Maret 2013, seorang lelaki yang tak asing lagi wajahnya tiba-tiba datang dalam kehidupanku. Bekas kakak kelas SMP yang tak pernah kukenal sebelumnya. Tak pernah bertegur sapa, hanya sekedar tahu beliau itu siapa.
Mei 2013, lelaki itu akhirnya resmi membawa keluarga besarnya untuk melamar.

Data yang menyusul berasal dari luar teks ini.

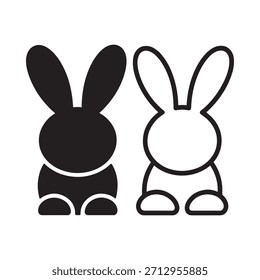 Dos iconos de conejo estilizados uno negro y otro blanco frente al otro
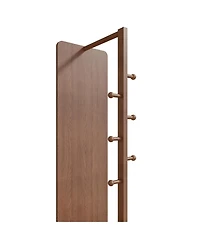 Midola 360 Degree Rotating Multifunctional Full-Length Floor Mirror with Coat Rack and Hook Storage, Solid Wood Frame for Bedroom and Living Room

September 2013, saat terindah ketika lelaki itu dengan izin Allah datang mengucapkan Ijab Qabulnya untukku. Akhirnya memang benar adanya. Semua akan indah pada waktunya kan? 🙂
Adalah kamu, lelaki yang telah menghipnotis ibuku dengan kesholehanmu. Lalu, yakin seyakin yakinnya bahwa ridho Allah tergantung pada ridho orangtua. Hal itu yang pada akhirnya membuatku mantap untuk menjalankan sisa hidup bersamamu. Adalah kamu, lelaki yang penuh kasih sayang yang segera memintaku untuk menjadi pendampingmu. Adalah kamu, lelaki sabar yang mau menerimaku dengan segala kekuranganku. Adalah kamu, lelaki yang pada akhirnya mewarnai hidupku dengan kebahagiaan. Adalah kamu, lelaki yang dengan segala keindahannya menjadi imamku. Adalah kamu, iya kamu, Sigit Nashofi, terima kasih telah menjadikanku sebagai pendampingmu. Menjadikanku perempuan abadimu. Sekali lagi trima kasih. Izinkan aku menua bersamamu.